### Work instructions
Exactly the lines below from the line with "Cameron Village的中文是什么意思Malphurs-Cameron Village上面是原文...." through the line with "教室有一个平底小水桶,测得桶" must make up the answer, both ends included and pictures left out.

### Records for this exercise
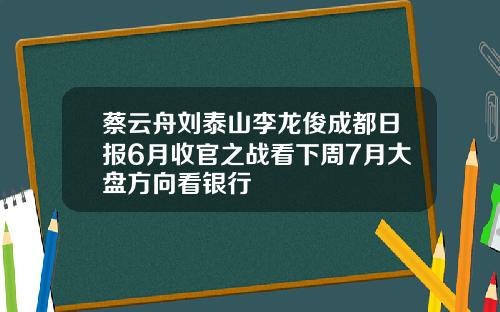 蔡云舟刘泰山李龙俊成都日报6月收官之战看下周7月大盘方向看银行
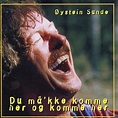Øystein Sunde – Du Må'kke Komme Her Og Komme Her Lyrics | Genius Lyrics
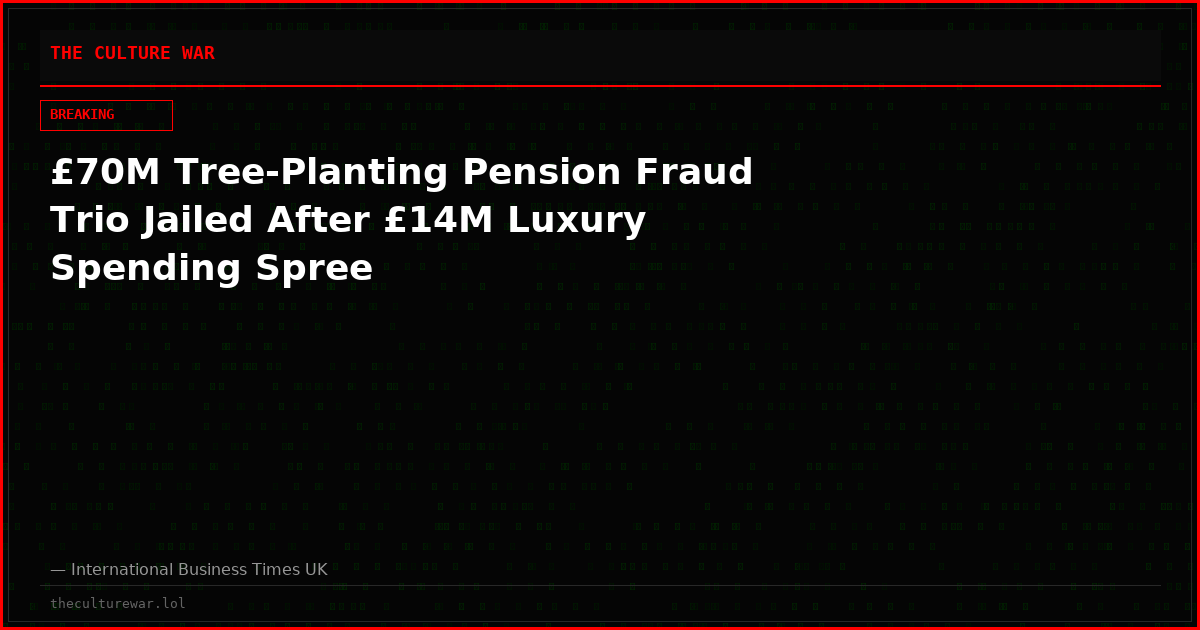 £70M Tree-Planting Pension Fraud Trio Jailed After £14M Luxury Spending Spree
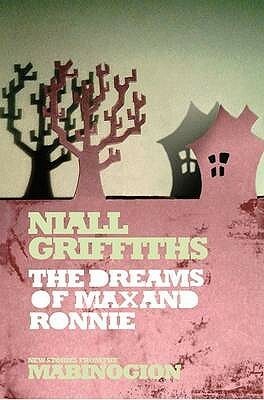 The Dreams of Max and Ronnie by Niall Griffiths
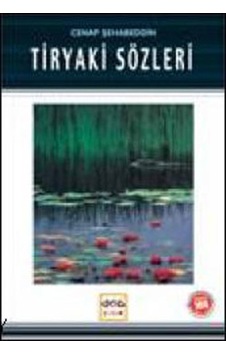 Tiryaki Sözleri - Cenap Şehabeddin - Nar Genç Tiryaki Sözleri - Cenap Şehabeddin - Nar Genç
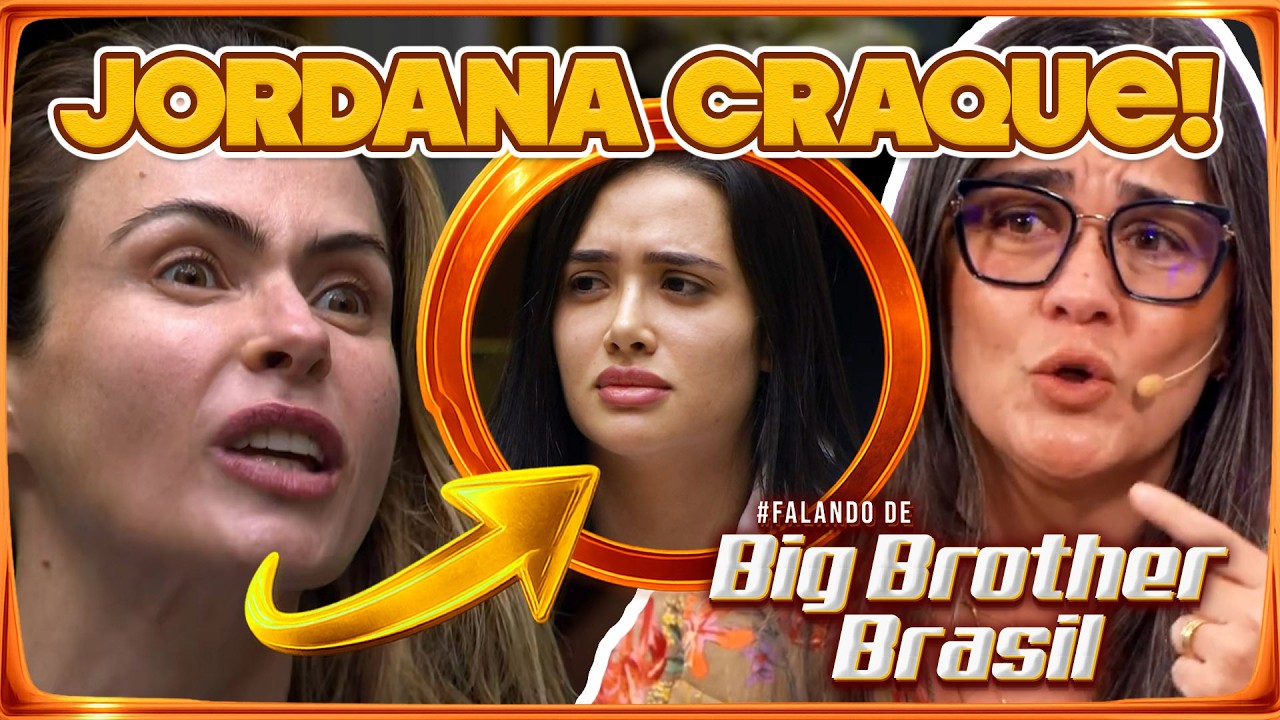 📛BBB26: JORDANA PROTAGONISTA! Desmascara Ana Paula que PISTOLA e o VEXAME de Floss, Milena e Boneco!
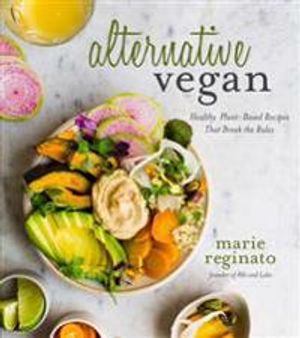 Alternative vegan - plant-based recipes lenient on rules but great for your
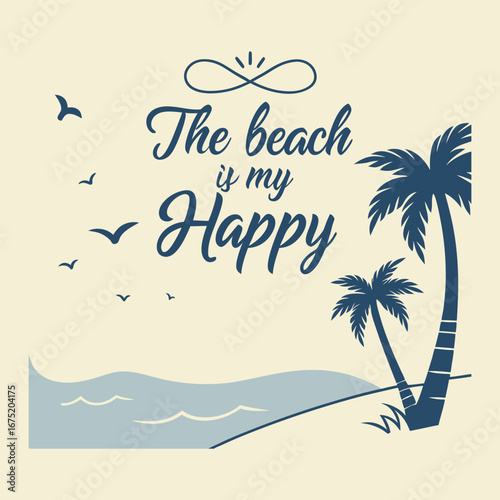 “Relaxing beach vibes captured in playful typography, evoking sun, sand, and sea—perfect for anyone whose happy place is by the ocean’s edge.”
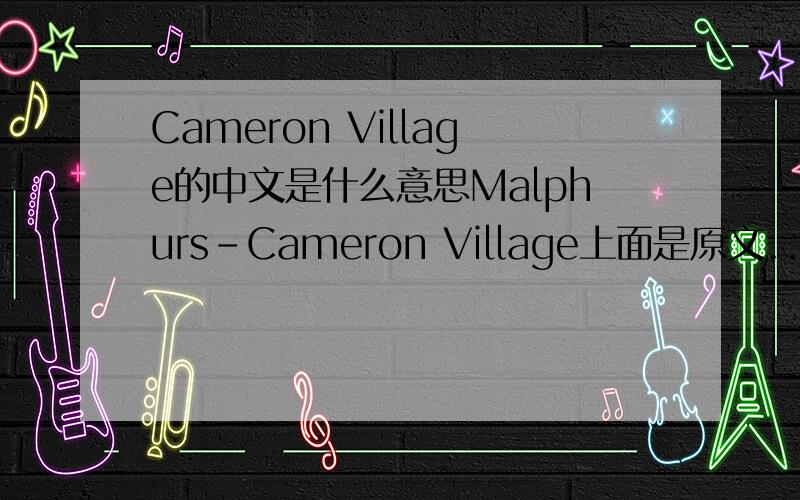 Cameron Village的中文是什么意思Malphurs-Cameron Village上面是原文....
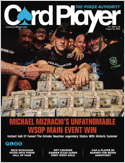 Card Player magazine is your poker authority! Every issue is packed with coverage of America's most popular and fastest growing game. Get complete in-depth coverage of the World Poker Tour, World Seri ...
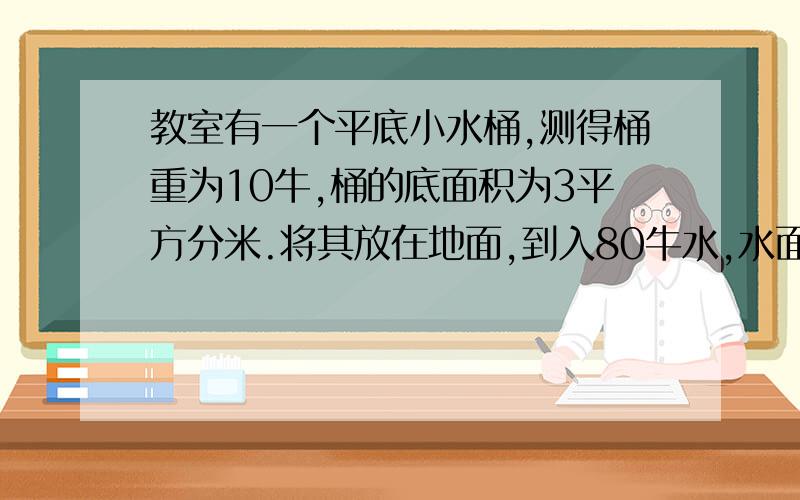 教室有一个平底小水桶,测得桶重为10牛,桶的底面积为3平方分米.将其放在地面,到入80牛水,水面高20厘米1.水对桶底的压力.压强各是多少?2.桶对地面的压力.压强各是多少?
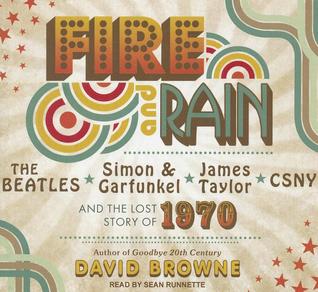 Fire and Rain: The Beatles, Simon & Garfunkel, James Taylor, CSNY and the Lost Story of 1970: Library Edition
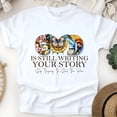 thumbnail image 1 of God Is Still Writing Your Story Christian T-Shirt Faith Graphic Tee, White, Size L, 1 of 6
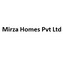 Mirza Homes Pvt Ltd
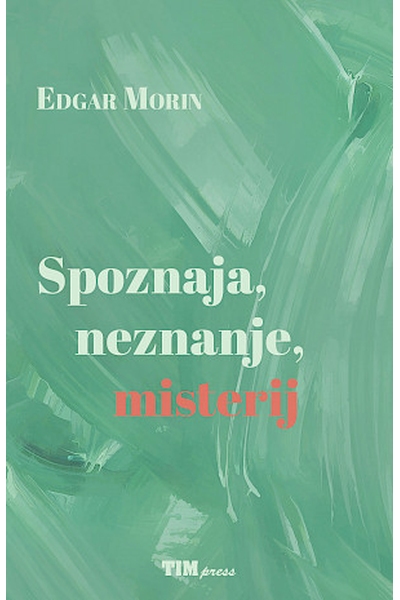 Spoznaja, neznanje, misterij Edgar Morin TIM Press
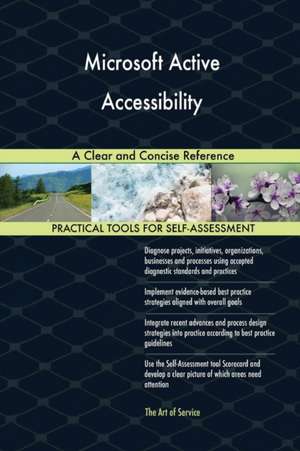 Microsoft Active Accessibility A Clear and Concise Reference de Gerardus Blokdyk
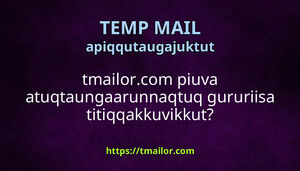 tmailorcom piuva atuqtaungaarunnaqtuq gururiisa titiqqakkuvikkut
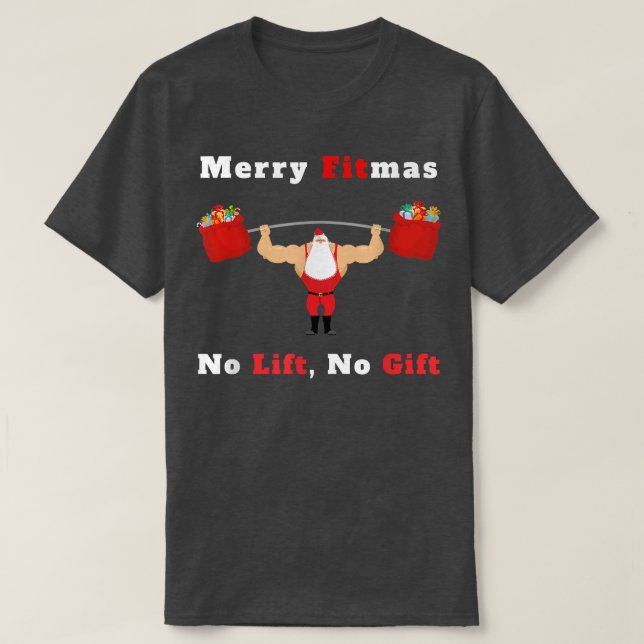 Manar Merry Fitmas, Hiss no Gift Jultomten Fi T Shirt (Design framsida)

### Response below
 Cameron Village的中文是什么意思Malphurs-Cameron Village上面是原文....
 Card Player magazine is your poker authority! Every issue is packed with coverage of America's most popular and fastest growing game. Get complete in-depth coverage of the World Poker Tour, World Seri ...
 教室有一个平底小水桶,测得桶重为10牛,桶的底面积为3平方分米.将其放在地面,到入80牛水,水面高20厘米1.水对桶底的压力.压强各是多少?2.桶对地面的压力.压强各是多少?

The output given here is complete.